A blowing passage 12 is provided in a portion near the inlet 9 of the aligning passage 8, in order to introduce compressed air from the exterior in an intermittent manner, for example. The compressed air introduced through the blowing passage 12 blows off and stirs the electronic component chips 4 approaching the inlet 9 of the aligning passage 8.
Thus, the plurality of electronic component chips 4 supplied from the cassette 1 pass through the large chamber 6 and the small chamber 7 to approach the aligning passage 8, and are aligned along a prescribed direction to enter the inlet 9. Then the electronic component chips 4 are guided by the aligning passage 8 and discharged from the outlet 13. The electronic component chips 4 discharged from the outlet 13 are aligned in the prescribed direction. Thus, the chip mounting step can be efficiently carried out by retaining the electronic component chips in the aligned state.

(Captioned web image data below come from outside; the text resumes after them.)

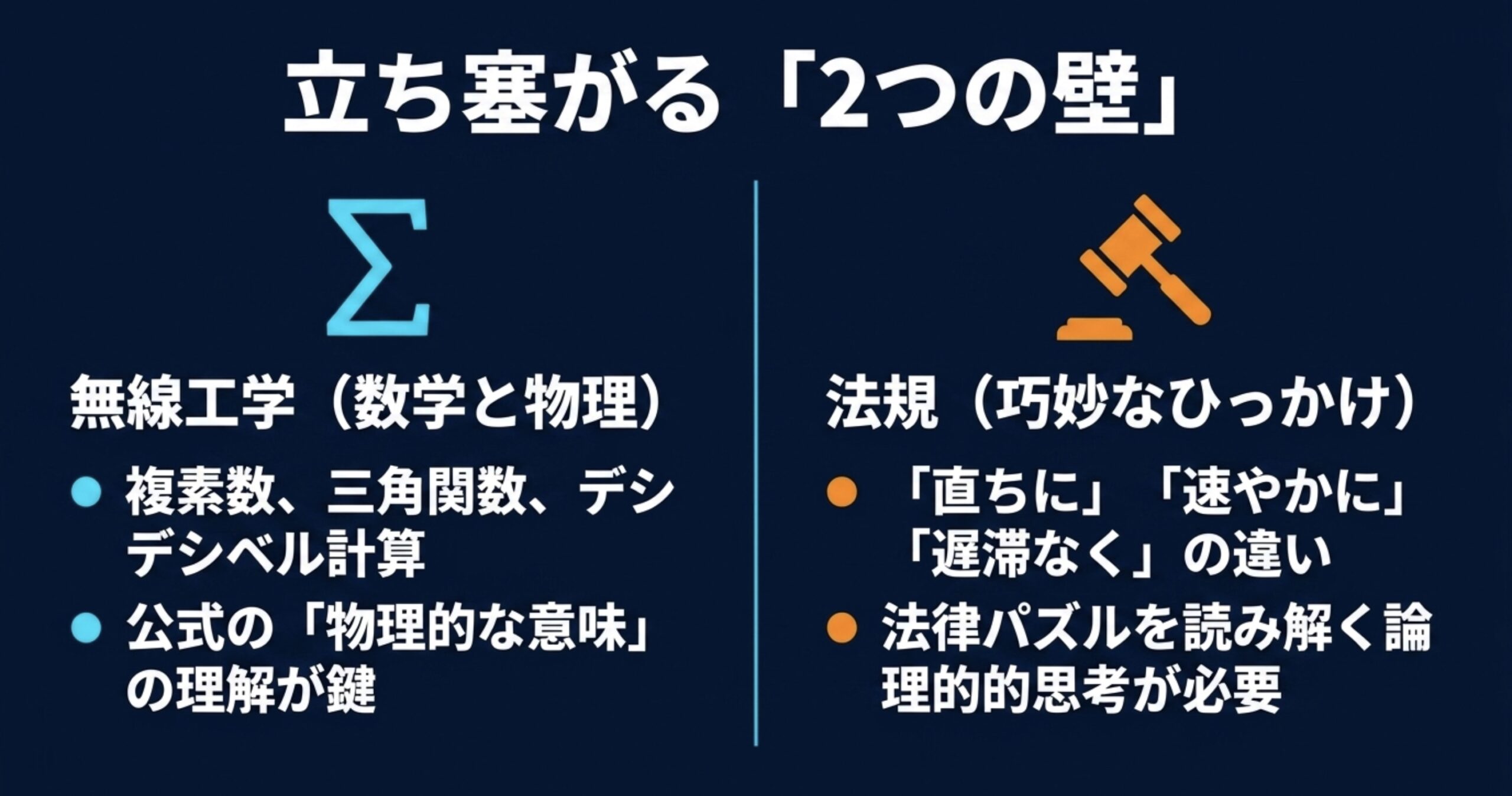 アマチュア無線1級試験に立ち塞がる「無線工学（数学と物理）」と「法規（巧妙なひっかけ）」という2つの壁と、それぞれの攻略ポイントをまとめた図。
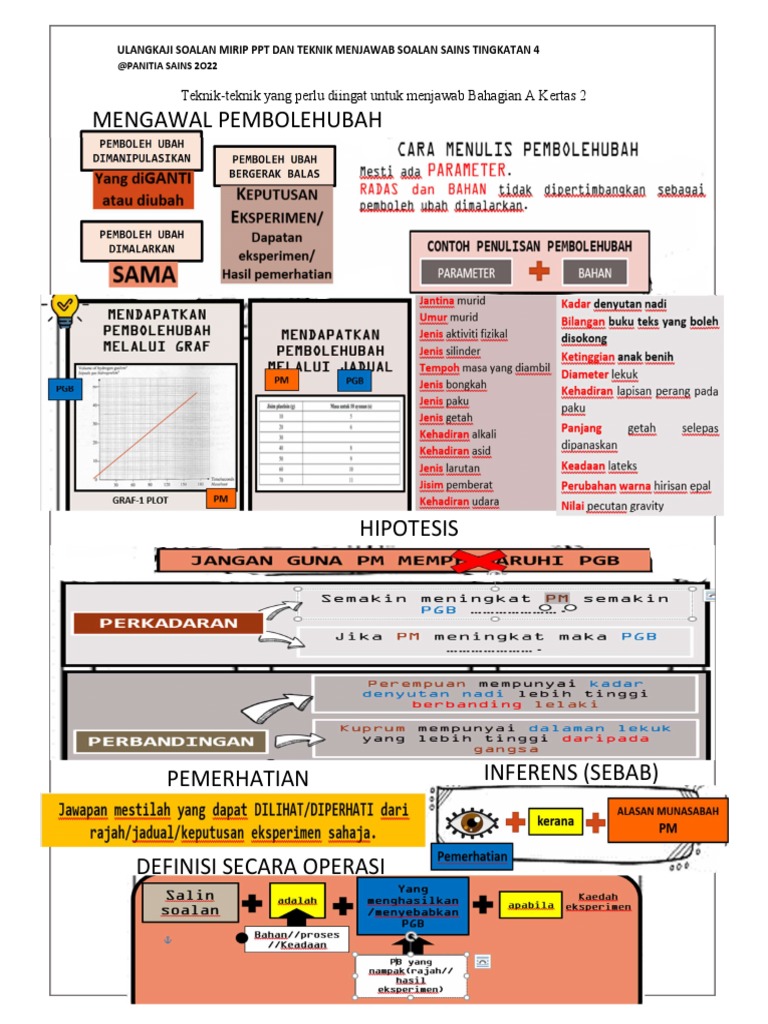 Ulangkaji F4 Ppt 2022 Pdf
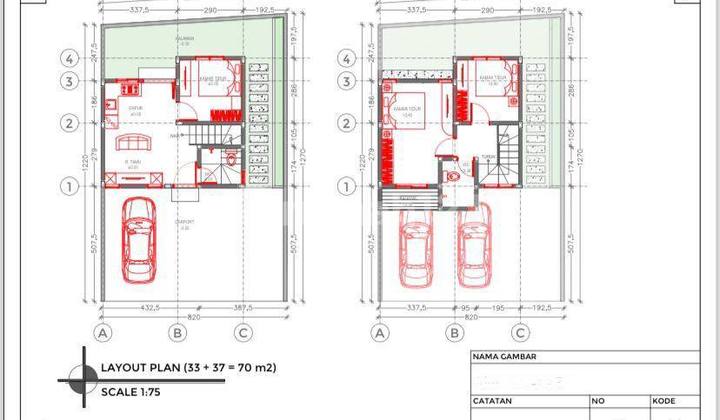 Dijual Rumah Konsep Minimalis Harga Ekonomis Di Gianyar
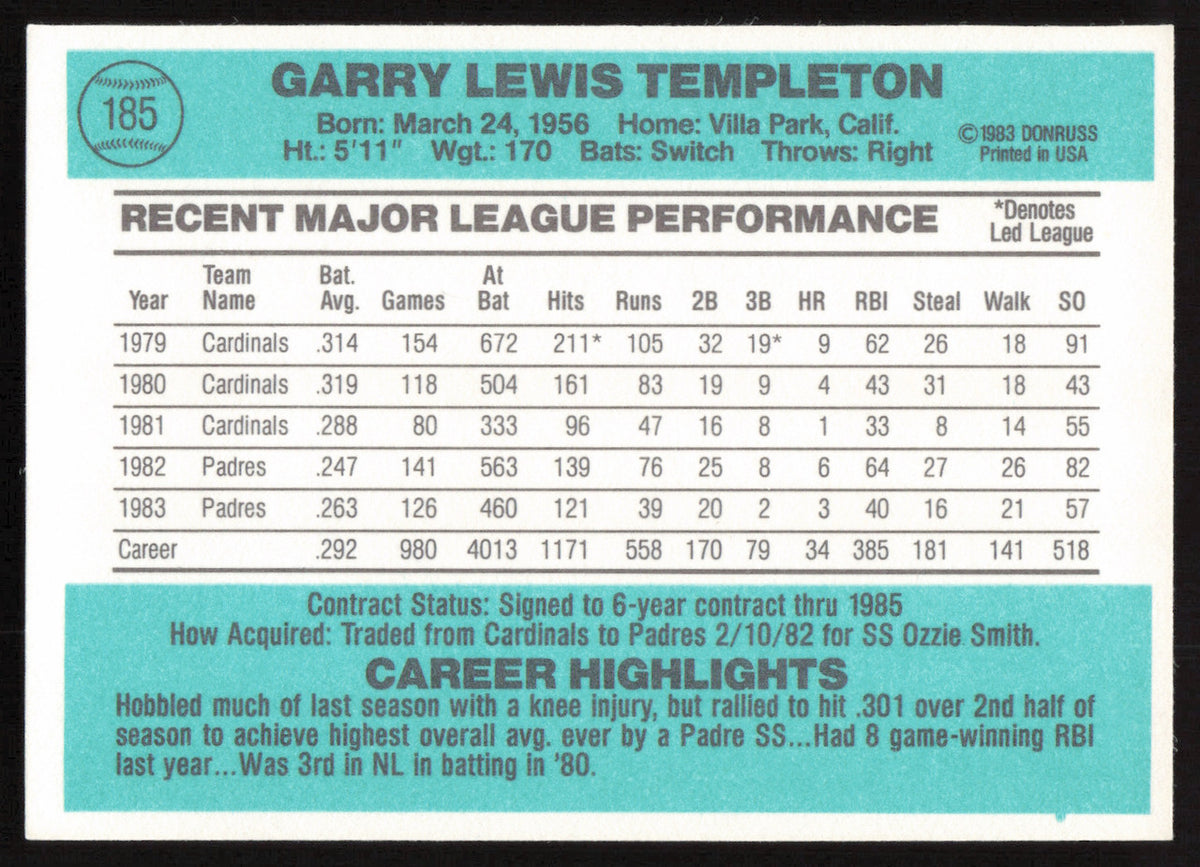 Garry Templeton Autographed 1984 Donruss Card #185 San Diego Padres SKU #265125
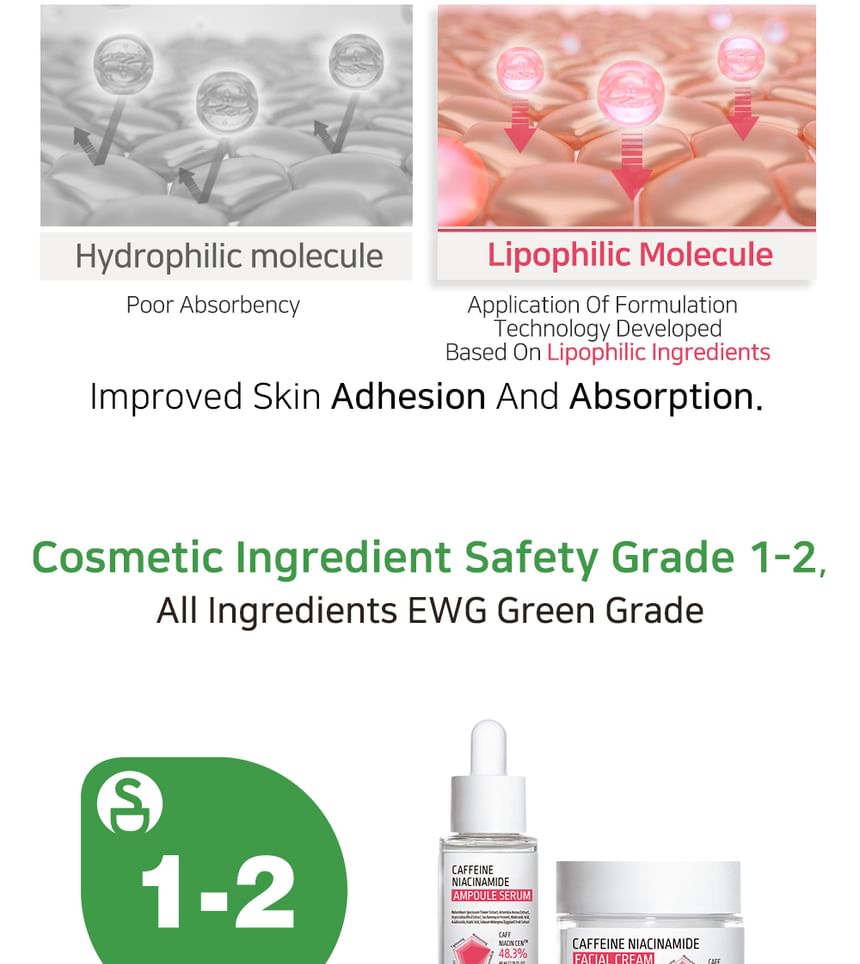 APLB - Cafeïne Niacinamide Ampullen Serum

FIG. 9 shows the hopper 2 with a side plate forming a front side wall surface removed. Namely, referring to FIG. 9, actually a side plate, not shown, is positioned along the wall surface denoted by the reference numeral 14, and by this side plate, the small chamber 7, the aligning passage 8 and the large chamber 6 are closed. aligning passage 8 and the large chamber 6 are closed. Therefore, the space in the small chamber 7 has a cross-directional dimension denoted by the reference numeral 15.
FIG. 9 shows three electronic components 4 which are horizontally aligned with each other. The total of the cross-directional sizes of these electronic component chips 4 accidentally coincides with the cross-directional size 15 of the space defined in the small chamber 7. Thus, these electronic component chips 4 unmovably butt against each other between the wall surfaces defining the cross-directional size 15. Once such a phenomenon, that is, the so-called "bridge phenomenon" takes place, it is difficult to separate the electronic component chips 4 which are in such series from each other, even if compressed air is introduced through the blowing passage 12.
The aforementioned "bridge phenomenon" is not restricted to the modes shown in FIG. 9, but may occur in various modes in response to relation between the cross-directional size 15 and the sizes of the electronic component chips 4. In other words, this phenomenon easily takes place when the combination of the longitudinal, cross-directional and perpendicular sizes of the plurality of electronic component chips 4 accidentally corresponds may take place not only in response to the relation with the cross-directional size 15 of the small chamber 7 but also in relations with the perpendicular sizes 16 and 17.
The "bridge phenomenon" is not so frequent but merely occurs in the order of p.p.m. in general. Once the "bridge phenomenon" takes place, however, it is impossible or difficult to supply the electronic component chips 4 to the aligning passage 8. In order to improve workability and reliability of a chip mounting apparatus or the like, therefore, it is desirable to substantially zeroize the probability for the "bridge phenomenon".